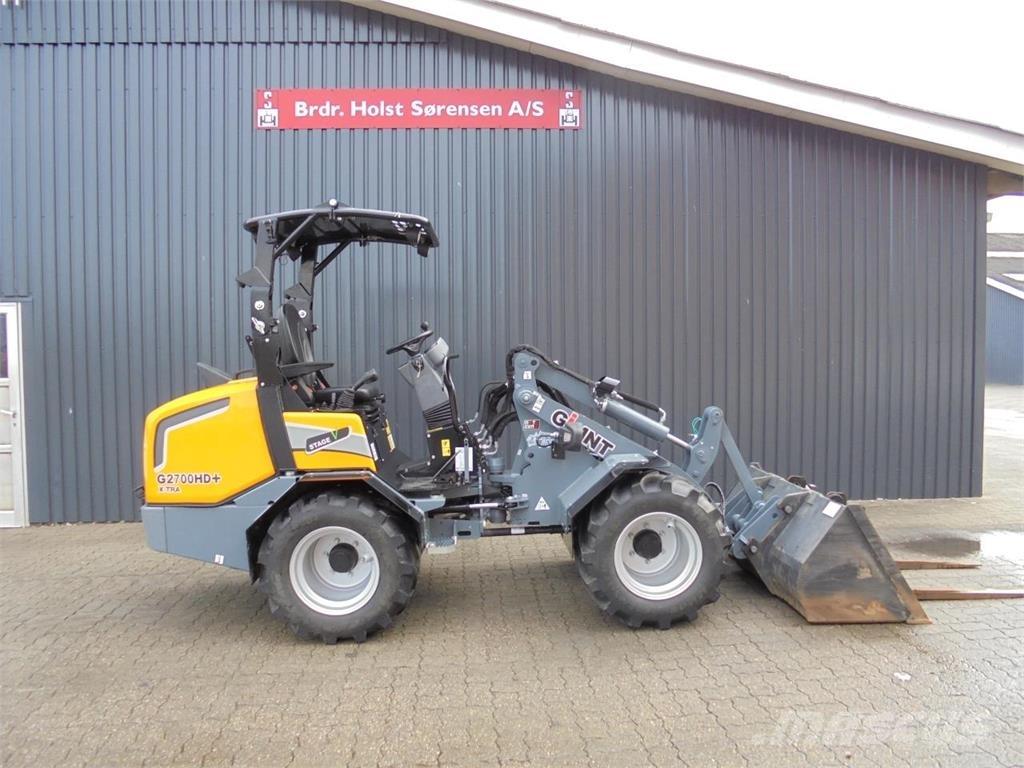 GiANT G2700XHDP Mini Loader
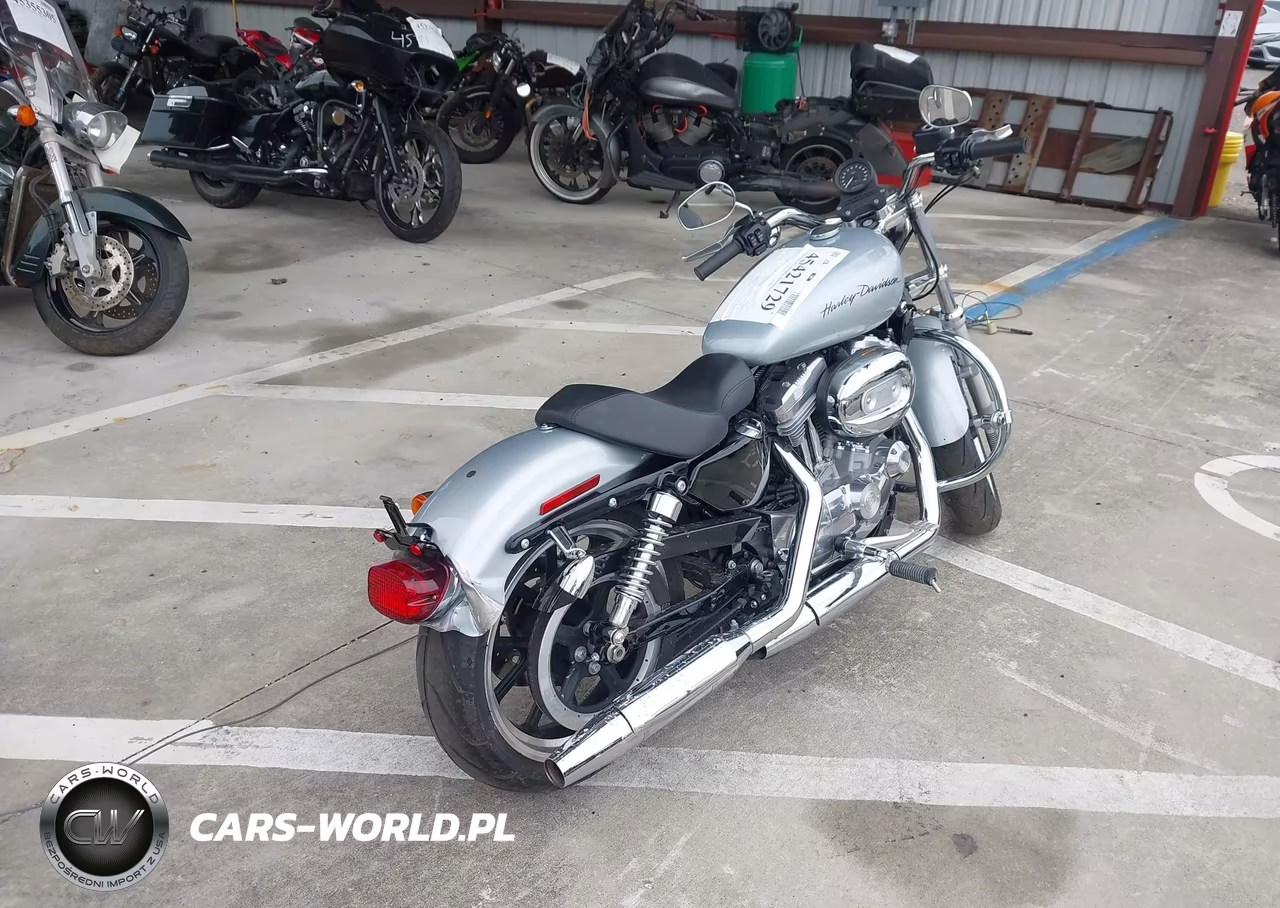 2014 Harley-Davidson Xl883 Superlow VIN:1HD4CR214EC411831 - 4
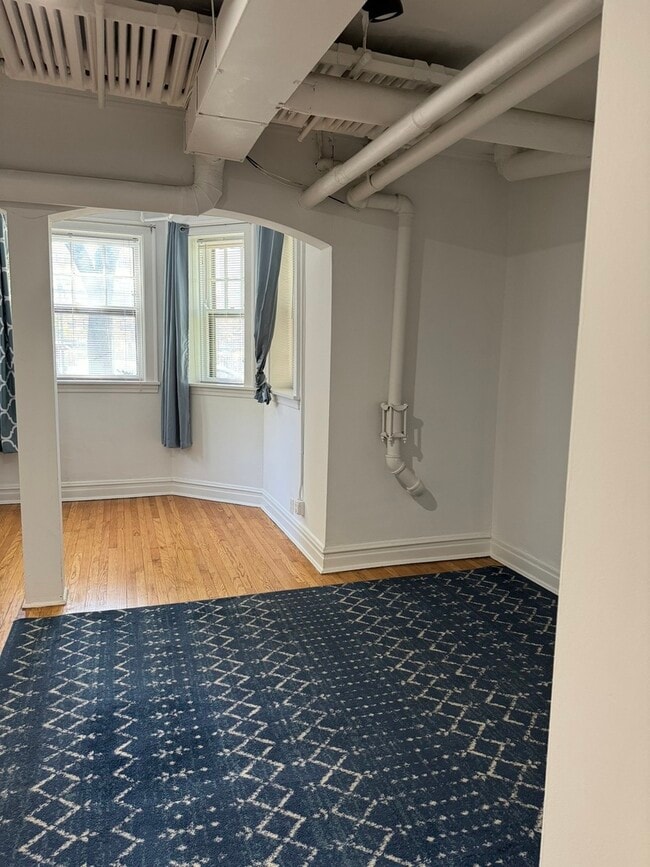 Foto del edificio - 6225 N Kenmore Ave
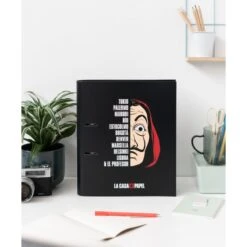 Carpeta 2 Anillas Troquelada Premium La Casa De Papel -Eric Ventas carpeta 2 anillas troquelada premium la casa de papel 3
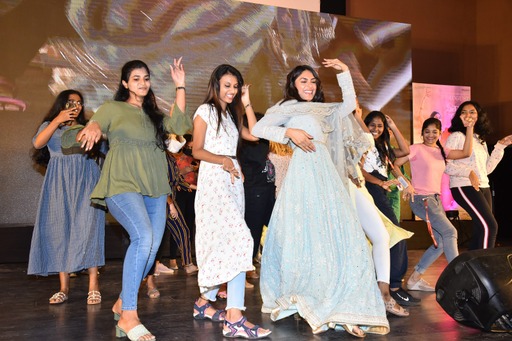 sita-ramam-song-launch-at-mallareddy-womens-college-3.jpg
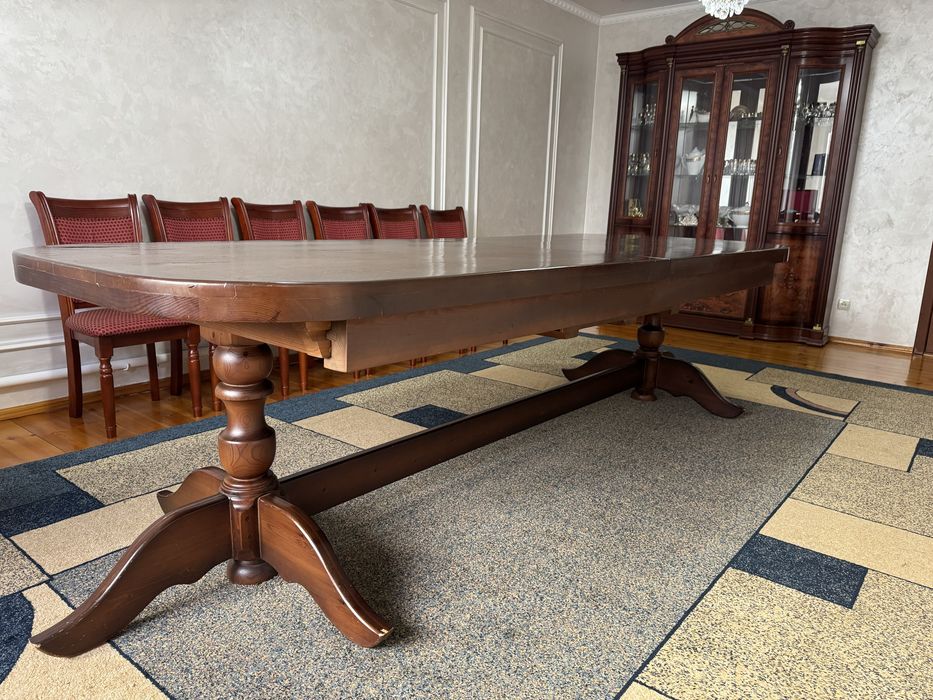 Продается стол из натурального дерева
■ ■ ■
EXERCISE - Give back the lines from the one containing "Carpeta 2 Anillas Troquelada Premium La Casa De Papel -Eric" through the last line of the records above exactly as they appear, both included, and no pictures.

REPLY TO THE TASK -
 Carpeta 2 Anillas Troquelada Premium La Casa De Papel -Eric Ventas carpeta 2 anillas troquelada premium la casa de papel 3
 sita-ramam-song-launch-at-mallareddy-womens-college-3.jpg
 Продается стол из натурального дерева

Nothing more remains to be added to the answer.